Prior to the competition, a video depicting the late Carl (the Greek) Gust, a bartender who worked at the Talkhouse, was shown. Mr. Gust, a contestant in the first Mr. Amagansett pageant in 2010, was the deserving winner of that competition: The video had last Thursday’s audience in hysterics, along with many of the Talkhouse staff who were impersonated by Mr. Gust in his performance. Mr. Gust, who died in 2012, was also the grand marshal of the Am O’Gansett parade that year.
Performing as Boo Bonac, Gordon Ryan, an attorney, once again sought the title with his sidekick, the Plague. Once again Mr. Ryan demonstrated either an unwillingness or inability to carry a tune.
Two UpIsland men, from Sayville and Selden, followed, each delivering a bawdy stand-up routine. “You get an ‘A’ for effort. That’s about it,” Mr. Honerkamp told the first upon his performance’s conclusion. “Nail it,” he begged the second as he took the stage. “Save us.”
Nick Kraus, a manager of the Talkhouse, was in San Diego for a Soldier Ride event and unable to attend. In his place, a short film provided laughs that had theretofore been in short supply. Mr. Honerkamp’s entry, also via video presentation, also drew laughs. The self-described “least interesting man in the world” poked fun at himself and his myriad frustrations.

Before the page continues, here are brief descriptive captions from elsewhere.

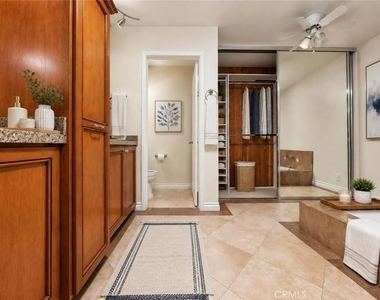 9881 Foxrun Drive - Photo Thumbnail 8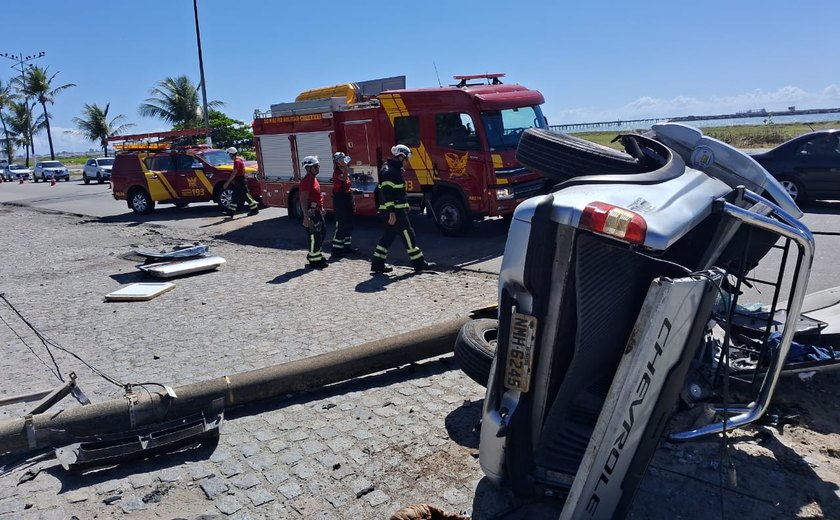 Motorista perde controle do veículo, capota e colide em poste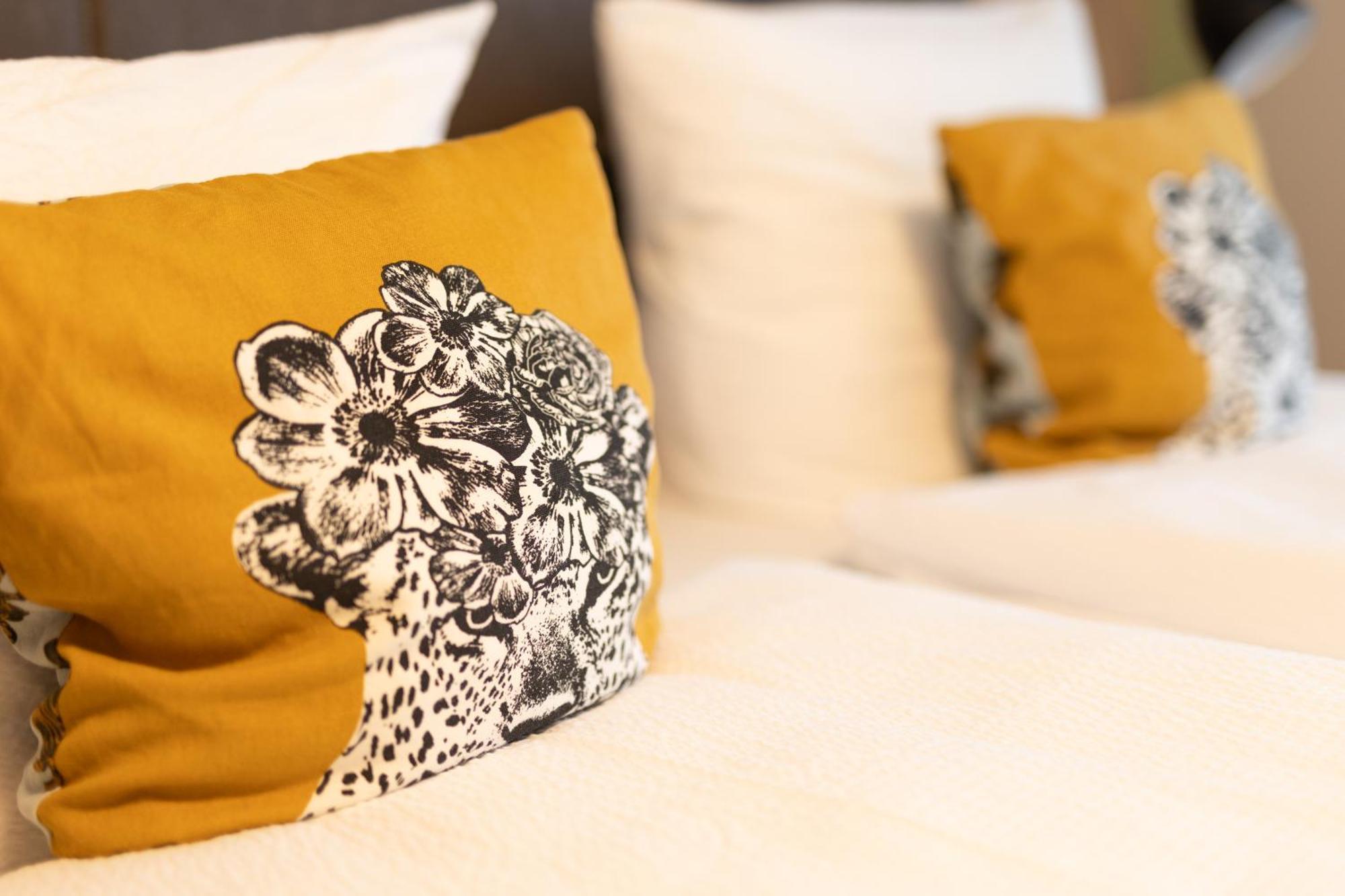 Appartementdeluxe Steiert - Near Europa Park - Rulantica - Spacious - Fully Equipped Kitchen - Private Garden - Free Parking - Pet Friendly Schwanau Dış mekan fotoğraf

Marco Marin, a bartender at Indian Wells Tavern, thrilled but ultimately disappointed some in the audience with an aborted striptease. Mr. Honerkamp’s exhortations to return to the stage and complete his performance went unanswered; the crown would not be his.
Finally, Mr. Sperry dazzled the crowd with his song and snappy attire, singing his own, localized lyrics to Jimmy Van Heusen and Sammy Cahn’s “My Kind of Town,” popularized by Sinatra. Mr. Sperry’s channeling of Ol’ Blue Eyes was remarkable, and the Talkhouse crowd erupted in cheers long before he had finished.
Ms. Bistrian congratulated Mr. Sperry for “an amazing freshman effort,” but announced that the coveted title belonged to Mr. Van Scoyoc. Mr. Sperry, Ms. Bistrian wrote in an email, was “a showstopper with talent.” But, she wrote, what swayed her and her co-judges, Erica Yardley, Maura Gledhill, Beth Baldwin, and Debbie DiSunno, was “the humor in Peter’s performance about the timely issue of the deer cull.” Mr. Van Scoyoc “took an intriguing position of a buck that would rather be shot than have his does sterilized,” she wrote.
During his performance, Mr. Van Scoyoc occasionally paused to remove an oversized, felt “tick” from his furry costume, which he then threw at the judges. The town councilman’s humorous take on current events put him over the top, in the judges’ eyes.
“It was a tough debate,” Ms. Bistrian wrote, “but in the end it came down to the uniqueness and humor, and the desire to see Tom perform again next year.”